Standard Oil Company of California, WO, Inc. v. NLRB
Decision Date | 20 August 1968 |
Docket Number | No. 21953.,21953. |
Citation | 399 F.2d 639 |
Parties | STANDARD OIL COMPANY OF CALIFORNIA, WESTERN OPERATIONS, INC., Petitioner, v. NATIONAL LABOR RELATIONS BOARD, Respondent. |
Court | U.S. Court of Appeals — Ninth Circuit |
Noble K. Gregory (argued), Charles E. Voltz, C. F. Prael, John C. Cook, of Pillsbury, Madison & Sutro, San Francisco, Cal., for appellant.
Solomon I. Hirsh (argued), Janet Kohn, N.L.R.B. attys., Robert B. Hoffman, Director, N.L.R.B., Levy, DeRoy, Geffner & Van Bourg, San Francisco, Cal., Marcel Mallet-Prevost, Asst. Gen. Counsel, Washington, D.C., for appellee.
Before MADDEN, Judge of the United States Court of Claims; HAMLEY, Circuit Judge, and BOLDT, District Judge.
This is a proceeding brought by the petitioner, hereinafter called the Company, to review an order of the National Labor Relations Board which held that the Company had violated the National Labor Relations Act. The important violation found by the Board was the Company's refusal to furnish to a labor union, Oil, Chemical and Atomic Workers International Union, Richmond, California, Local 1-561, AFL-CIO, hereinafter called the Union, which was the statutory bargaining agent of a unit of the Company's employees, the home addresses of the employees in the unit. The refusal was asserted by the Board, in its complaint against the Company, to be a violation of section 8(a) (5) of the National Labor Relations Act, hereinafter called the NLRA, or the Act, 29 USC § 158(a) (5), which section imposes upon an employer the statutory duty to bargain collectively with the representative of its employees. The Board also asserted a violation by the Company of § 8(a) (1) of the NLRA, but we shall have no further occasion to refer to that assertion until near the end of this opinion.

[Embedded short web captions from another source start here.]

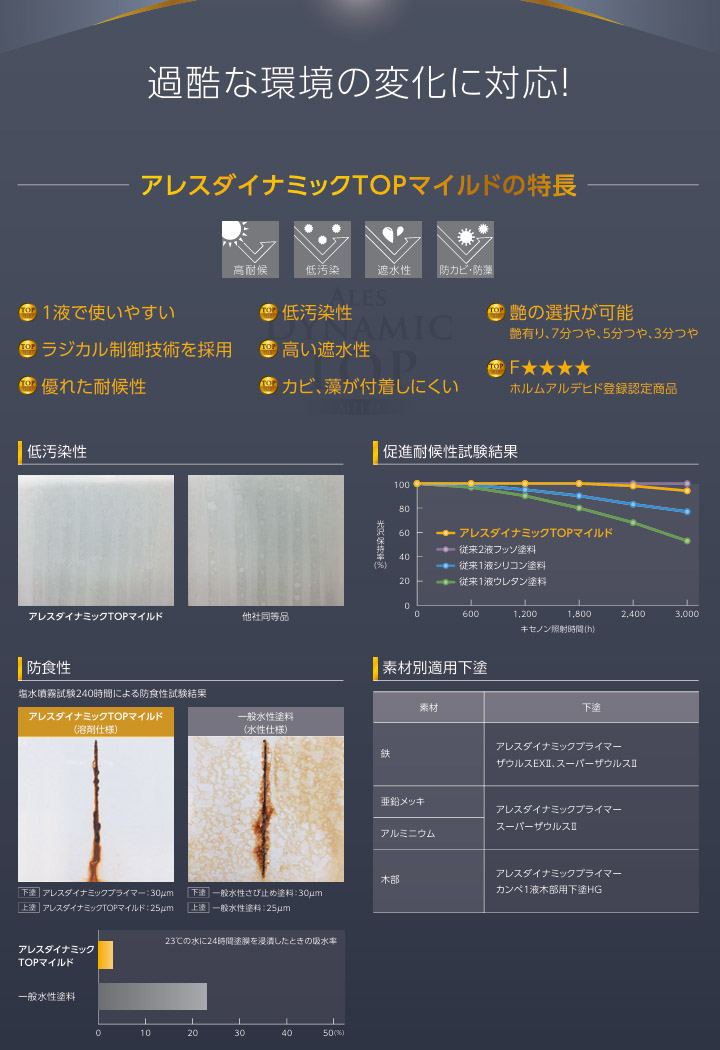 アレスダイナミックTOPマイルド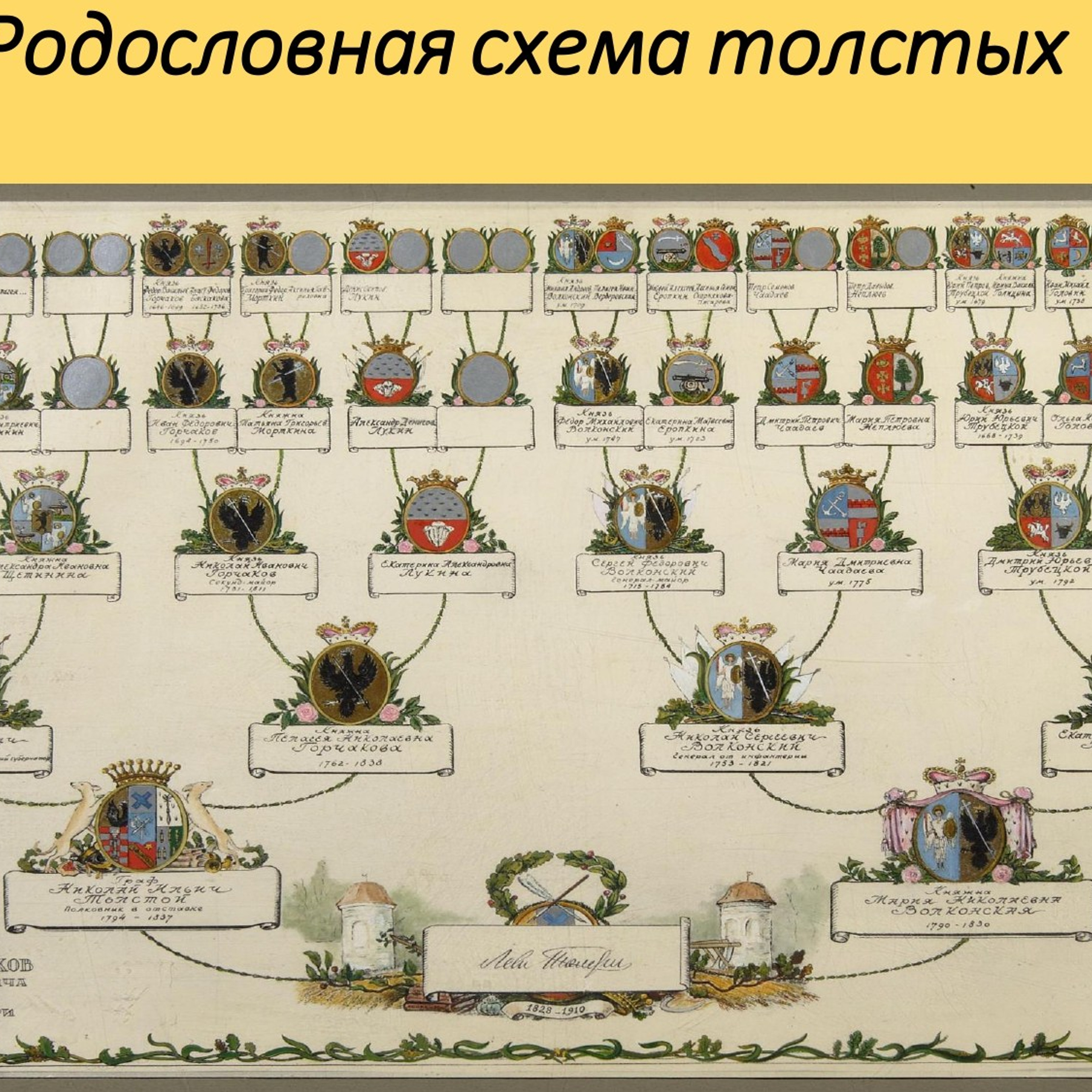 Сухорученкова Валерия «Л. Н. Толстой»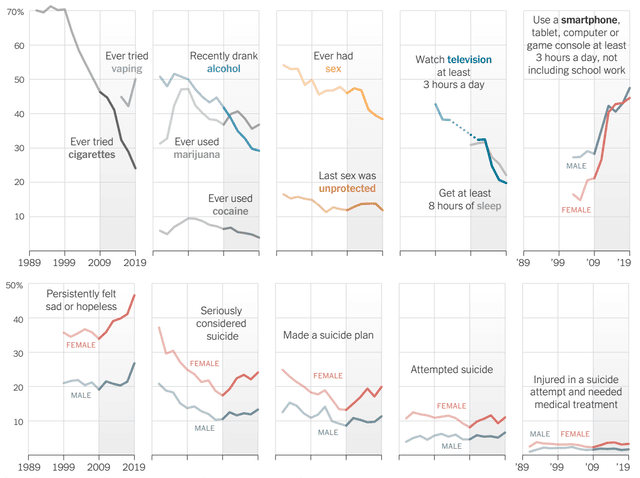 "Interpret the provided line graph that depicts the percentage of youngsters receiving inadequate healthcare facilities in six different European countries during the years 2008 to 2022. Describe the trends in healthcare provision for young individuals in each country, noting any fluctuations or improvements over the years. Highlight any exceptional changes in specific years and compare the countries' progress in addressing inadequate healthcare for the youth."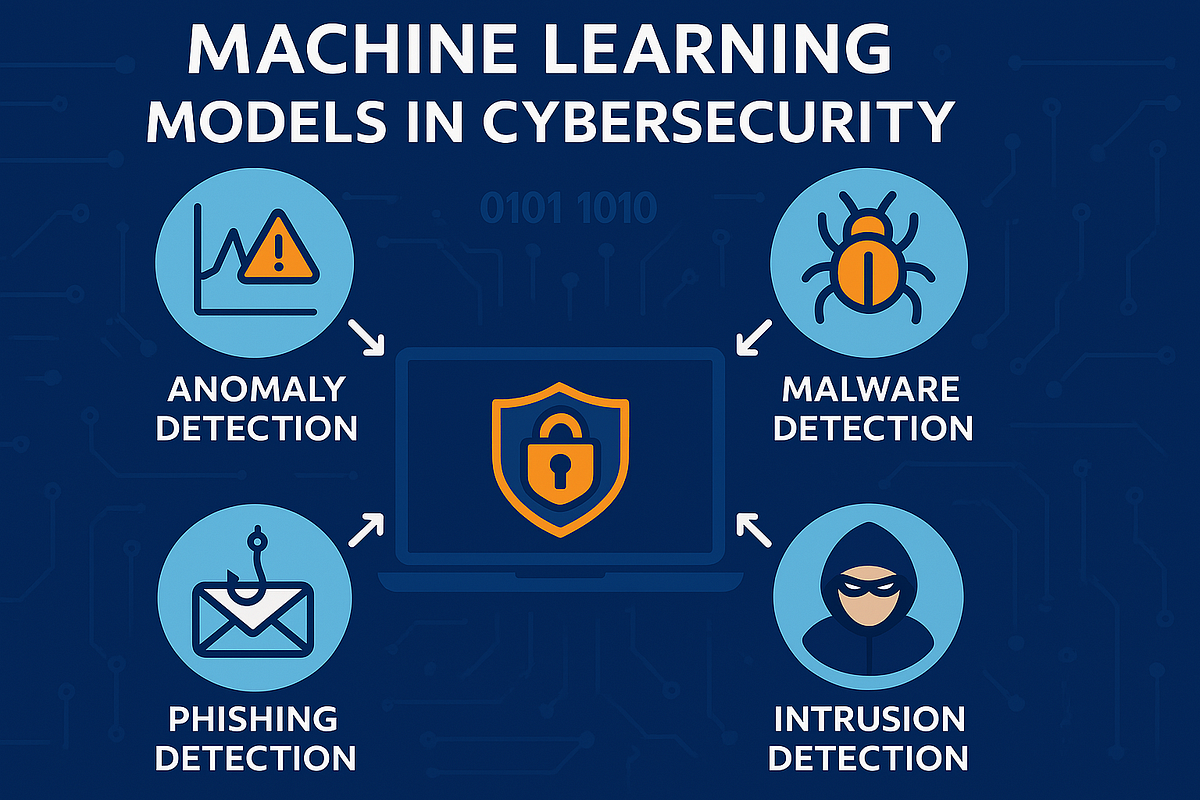 AI, Algorithms, and Anomalies: Machine Learning’s Jolly Romp Through ...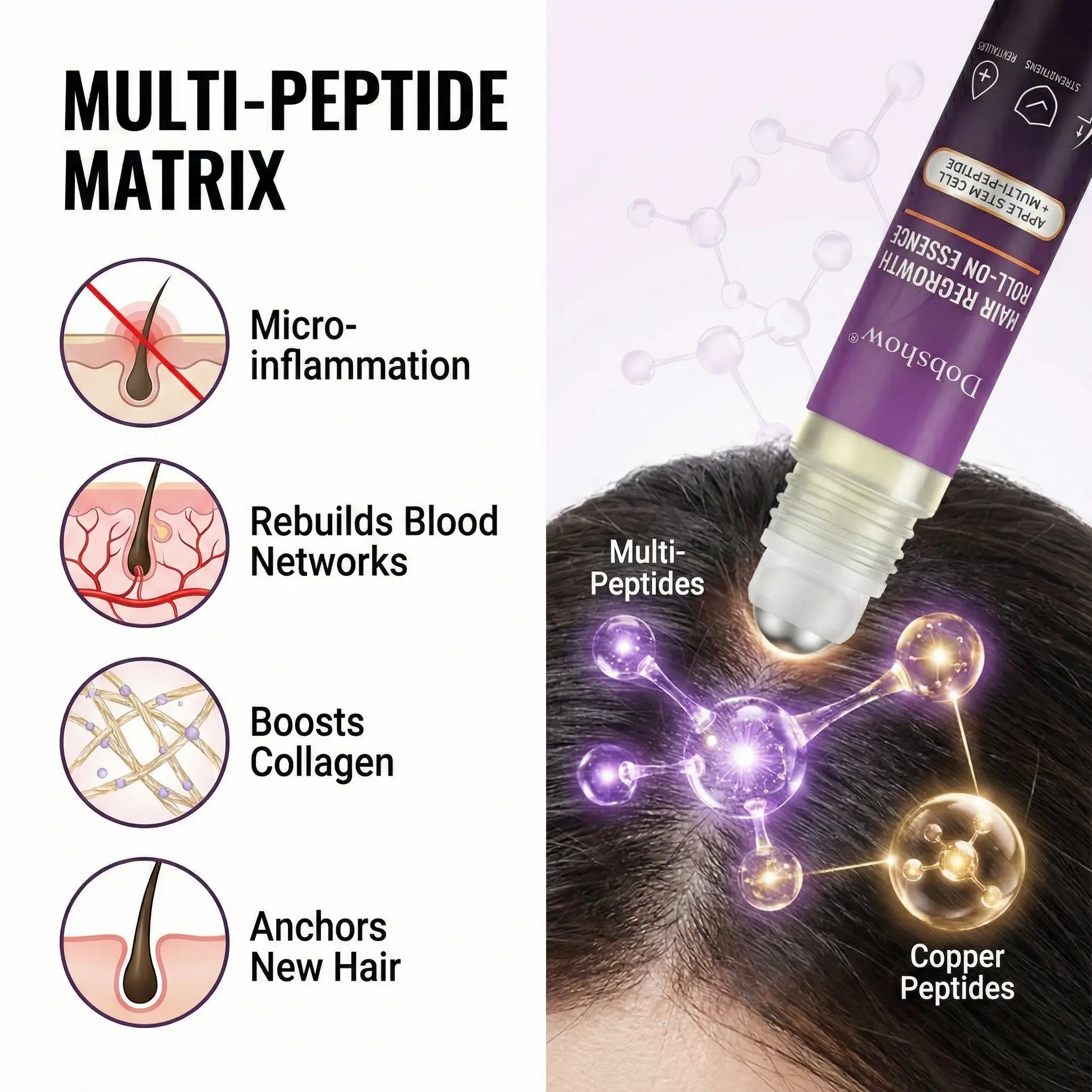 Dobshow® Hair Regrowth Care Roll-On Essence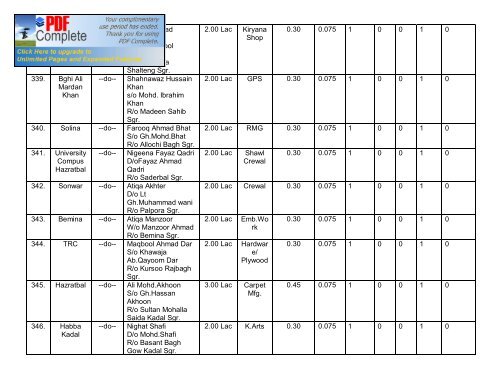 District Employment & Counselling Centre, Srinagar - Department of ...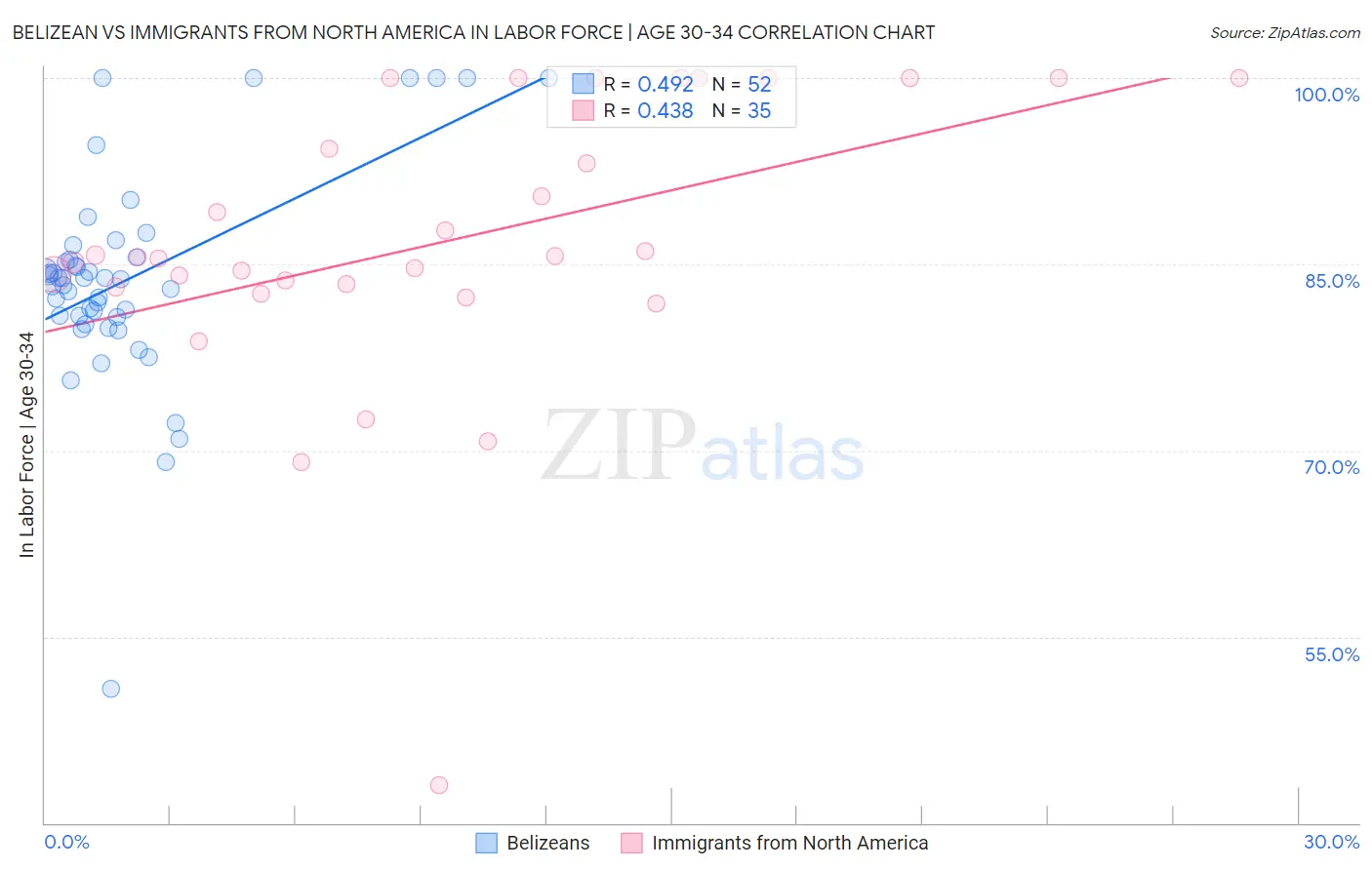 Belizean vs Immigrants from North America In Labor Force | Age 30-34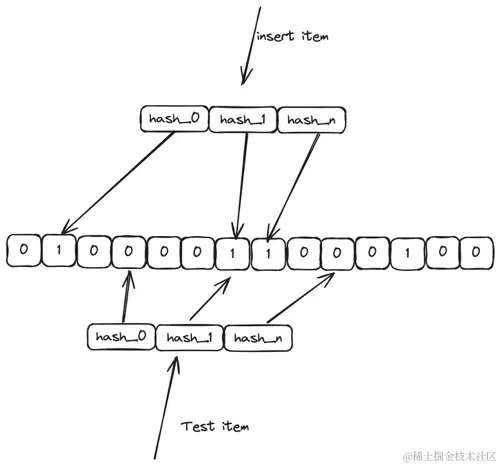 布隆过滤器.jpg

The case presents no problem relating to the jurisdiction of the Board, or of this court.
The Company operates an oil refinery at Richmond, California, where it employs some 2600 persons. The Union represents a unit consisting of the production and maintenance workers of the refinery. There are some 1500 employees in the unit. A small majority of the 1500 are, presumably, members of the Union, and some 700 of them are not members. The Union has been the collective bargaining representative of all the employees in the unit, since about 1950, and during the time involved in this case there was a collective bargaining agreement between the Company and the Union, which was amended, and, as amended, was renewed for another year. The agreement did not provide for a "union shop" under which every employee would be obliged to join the Union, or at least pay dues to the Union. It did provide for "maintenance of membership" under which an employee who joined the Union was obliged to maintain that membership during his employment by the Company.
The Union, as the statutory exclusive bargaining agent for all the employees in the unit, was obliged by the Act to fairly represent the interests of all the employees in the unit, the non-members of the Union of whom there were some 700, as well as the members, of whom there were some 800. To perform this statutory duty adequately, it was necessary that the Union be able to communicate with those whom it represented, i.e., with all 1500 of the employees in the unit. The Company's duty to bargain collectively with the Union as the representative of 1500 employees was not fulfilled by bargaining with the Union if the Union had no means of communication with some 700 of the 1500 employees represented by it, and it was readily within the power of the Company to make it possible for the Union to communicate with the members of the unit who were not members of the Union. In that situation the Union might poll its 800 members as to a term of a proposed contract, and learn that 500 of its members were favorable and 300 opposed. It might then agree, in collective bargaining with the Company, to that term, although all of the 700 non-members of the Union, as well as 300 members, i.e., 1000 employees of the 1500 in the unit might be opposed to the provision.